Just in case you wanted to see a runtime chart, I provide one below. The red line is the 3.75 Zc cutoff. There were 24 data points where Zc > 3.75. This compares to the expectation of 10.5. This is the expectation under the assumption that the distribution is perfectly 3D normal. I am not concerned about this difference; it is my expectation that real life data will normally exceed the normal expectations by a little bit.

*Another view of the M 50 data - Zc runtime plot*

So far, everything looks decent. No big warning flags. Let's have a look at the CPDF. PArdon my French, but this looks pretty gosh-darn spiffy. The match to the theoretical curve (the dotted line) is not quite as good as the Ektachrome data, but it's still a real good approximation.

*Another great match*

Conclusion so far, the variation in color data really can be 3D normal!

**Still more real world data**

I show below the CPDF of Zc for another data set from that same source, Company B. This particular data set is a solid cyan patch. The difference between the real data and the theoretical distribution is kinda bad.

*A poor showing for the solid cyan patch*

So, either there is something funky about this data set, or my assumption is wrong. Maybe 3D normal isn't necessarily normal? Let's zoom in a bit on this data set. First, we look at the runtime chart. (Note that this chart is scaled a bit different than the previous. This one tops out at Zc = 8, whereas the other goes up to 5.5.)

*A runtime chart with some aberrant behavior*

that will not go unpunished!

that will not go unpunished!

There are clearly some problems with this data. I have highlighted (red ellipse) two short periods where the color was just plain wonky. Some of the other outliers are a bit clustered as well. Below I have an a*b* scatter plot of that data (on the left), and a zoomed-in portion of that plot which shows some undeniable wonk.
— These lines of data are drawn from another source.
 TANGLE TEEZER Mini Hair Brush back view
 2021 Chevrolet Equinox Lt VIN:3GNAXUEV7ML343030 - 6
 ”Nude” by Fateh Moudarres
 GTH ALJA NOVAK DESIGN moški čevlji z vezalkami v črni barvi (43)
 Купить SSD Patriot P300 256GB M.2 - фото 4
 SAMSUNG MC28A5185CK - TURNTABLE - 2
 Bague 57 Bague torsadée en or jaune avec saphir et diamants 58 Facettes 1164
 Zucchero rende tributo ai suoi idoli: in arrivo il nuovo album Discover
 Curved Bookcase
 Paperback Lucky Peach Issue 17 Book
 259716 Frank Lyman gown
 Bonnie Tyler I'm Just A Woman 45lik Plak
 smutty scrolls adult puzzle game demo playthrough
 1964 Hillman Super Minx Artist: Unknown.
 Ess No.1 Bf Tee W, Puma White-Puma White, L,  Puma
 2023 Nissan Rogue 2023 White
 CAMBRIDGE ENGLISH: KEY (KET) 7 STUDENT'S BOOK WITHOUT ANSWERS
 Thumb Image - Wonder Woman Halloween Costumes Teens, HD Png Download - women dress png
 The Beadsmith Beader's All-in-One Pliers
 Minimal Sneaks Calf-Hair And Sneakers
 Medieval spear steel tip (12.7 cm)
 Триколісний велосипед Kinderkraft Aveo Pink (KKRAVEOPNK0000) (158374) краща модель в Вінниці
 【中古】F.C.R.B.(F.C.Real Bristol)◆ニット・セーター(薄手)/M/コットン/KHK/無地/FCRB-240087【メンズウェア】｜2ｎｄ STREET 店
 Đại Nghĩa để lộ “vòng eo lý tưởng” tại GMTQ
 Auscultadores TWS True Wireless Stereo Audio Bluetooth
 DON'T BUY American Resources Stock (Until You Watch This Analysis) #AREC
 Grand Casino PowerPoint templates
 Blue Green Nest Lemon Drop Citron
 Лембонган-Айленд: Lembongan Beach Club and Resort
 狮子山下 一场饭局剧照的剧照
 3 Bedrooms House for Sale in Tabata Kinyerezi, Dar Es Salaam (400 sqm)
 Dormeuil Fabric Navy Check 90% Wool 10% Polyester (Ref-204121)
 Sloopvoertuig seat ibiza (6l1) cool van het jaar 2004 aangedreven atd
*Look at all the pretty dots that aren't in the corral where they belong*

I'm gonna say that the reason that the variation in this data set does not fit the 3D normal model is because this particular process is not in control. The case gets stronger that color variation is 3D normal when the process is under control.

**Are you tired of looking at data yet?**

We have looked at data from Company K and Company B. How about two data sets from Company R? These two data sets are also printed colors, but they are not the standard process colors. There are about 1,000 measurements of a pink spot color, and 600 measurements of a brown spot color. One new thing in this set... these are measurements from an inline system, so they are all from the same print run.

First we look at the CPDF for the pink data. Yes! I won't show the scatterplots in L*a*b*, but trust me. They look good. Another case of "3D normal" and "color process in good control" going hand-in-hand.

*Yet another boring plot that corroborates my assumptions*

Next we see the CPDF of Zc for the brown data. It's not as good as the pink data, or the Kodak, or the M 50 CPDF plots, but not quite as bad as the C 100. So, we might think that the process for brown is in

*moderate*control?*Brown might not be so much in control?*

The runtime chart of Zc looks pretty much like all the others (I could plop the image in here, but it wouldn't tell us much). The scatter plots of L*a*b* values also look reasonable... well, kinda. Let's have a look.

*Halley's comet? Or a scatterplot of variation in brown?*

.This data doesn't look fully symmetric. It looks like it's a little skewed toward the lower left. And

*that*is why the CPDF plot of brown looks a bit funky. Once again, we see that the CPDF of Zc values for a set of color variation is a decent way to quickly assess whether there is something wrong with the process.
But

*why*is the brown plot skewed? I know the answer, but we're gonna have to wait for the full exposition in another blog post.
For the tine being, let me state the thrilling conclusion of this blog post.

**The thrilling conclusion of this blog post**

When a color producing process is "in control" (whatever that means), the variation in L*a*b* will be 3D normal. This means that we can look at the CPDF of Zc as a quick way to tell if we have exited the ramp to Wonkyville.